━━ Raw data ━━

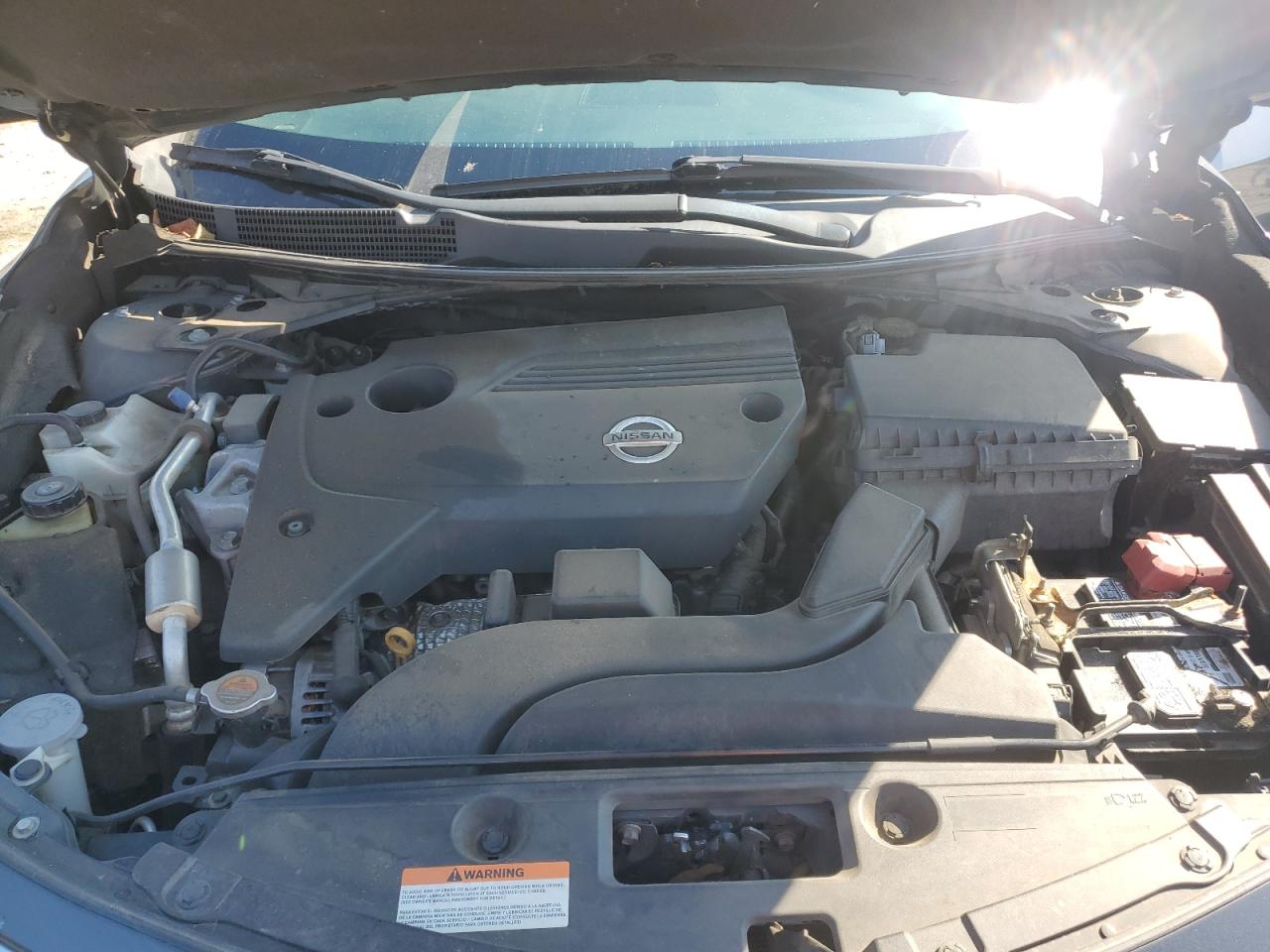 2014 Nissan Altima 2.5 vin: 1N4AL3AP7EC315804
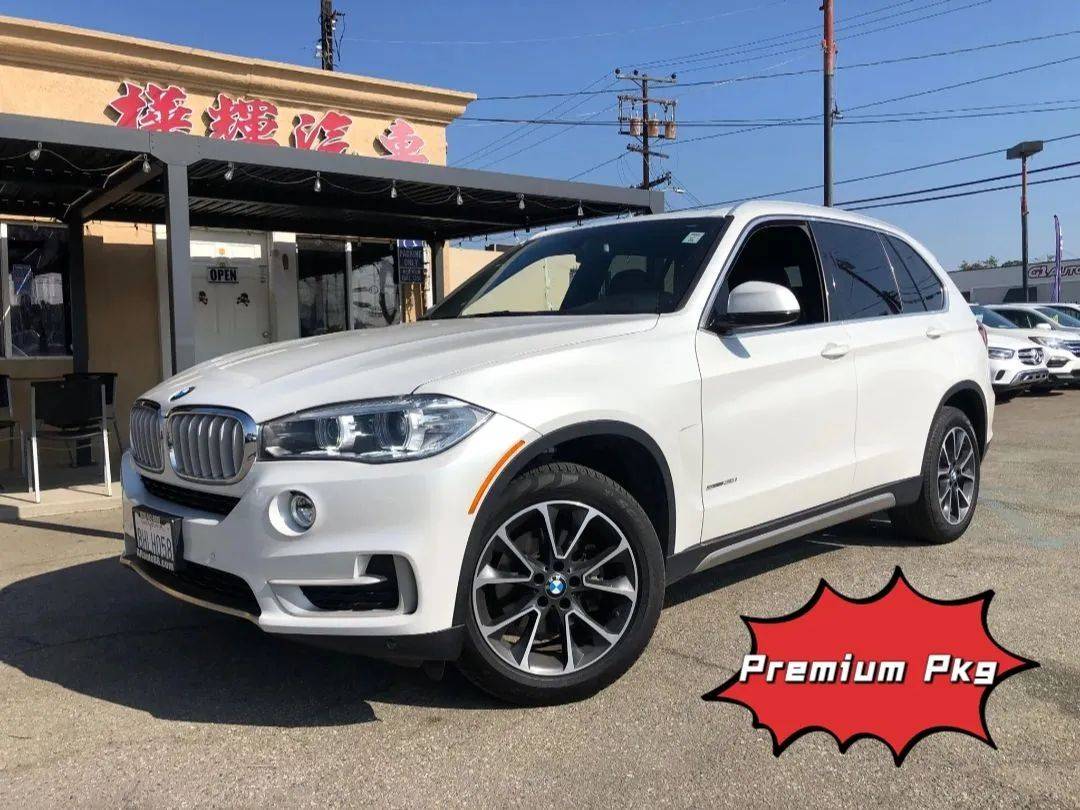2018 BMW X5 35i — SUV — 64,000 mi — EL MONTE, CA
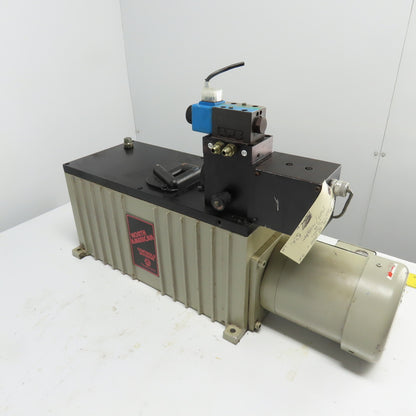 North American 7 Gal. 1/2 HP 3 PH Hydraulic Power Unit 5000psi 230/460V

━━━

> _Work to be completed_
The answer must be the full listing retyped exactly, with no pictures in it.

> _Task answer_
 2014 Nissan Altima 2.5 vin: 1N4AL3AP7EC315804
2018 BMW X5 35i — SUV — 64,000 mi — EL MONTE, CA
 North American 7 Gal. 1/2 HP 3 PH Hydraulic Power Unit 5000psi 230/460V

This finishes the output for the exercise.